Let's do this as systematically as we can. Once you have finished writing the book, give yourself a break. A month is not bad. Then get back. Not to the book, but to a one-page synopsis of the book -from your memory. No re-reading. It would seem tough, but do it. Then boil it down to one para. It would seem impossible, but hang on, we want you to boil it down to one line – two lines at max. Now, only now will you find the essence of the book. When you get back to it, you’d be ready to weed out the meanderings unless, of course, they are the essence of your book!

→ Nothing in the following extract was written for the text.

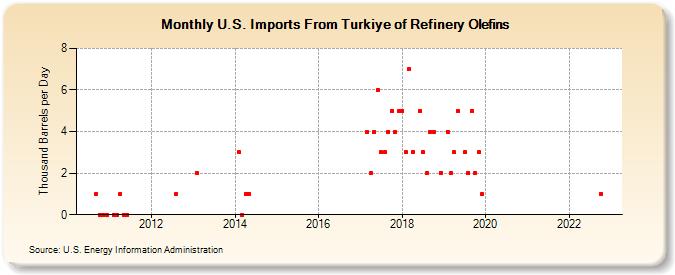 U.S. Imports From Turkiye of Refinery Olefins (Thousand Barrels per Day)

Then, only then, get down to what they teach at editing classes:
  1. Shorten sentences. Inserting a period into a long sentence cut its fog index in half.
  2. Take out the trash. Remove meaningless and unnecessary phrases inserted in the sentences.
  3. Deflate fat words. Most longer words consist of prefixes and suffixes grafted onto shorter roots. Get rid of the accretions, and watch the words sparkle.
  4. Reduce negatives. Every negation inserts a layer of opaqueness. Multiple negatives increase the difficulties exponentially.
  5. Eliminate the equations. Almost every use of the verb “to be” lowers the energy of the sentence a bit. Equating verbs reduce the energy level to zero. Find the real action in the sentence, and turn that word into a verb.
  6. Activate the passives. Passive verbs create passive readers. But all passive verbs started life as active transitive verbs. Convert them back again to increase energy and vitality.
  7. Lead with strength. Find the sentence, paragraph, or illustration that will best grab and hold the reader’s attention. Move it to the beginning. Shuffle the rest of the material as necessary.
  8. Tune up topic sentences. Old style paragraphing turns people off. Start a new paragraph every time you shift to a new point of view, and use the topic sentence to keep the thread of meaning flowing.

(Jim Taylor’s “Eight Step Editing”)

Don’t try to tackle all the steps at once. You would have to work through the text several times.  Each pass, preferably with a time lapse, adds a new dimension to the book.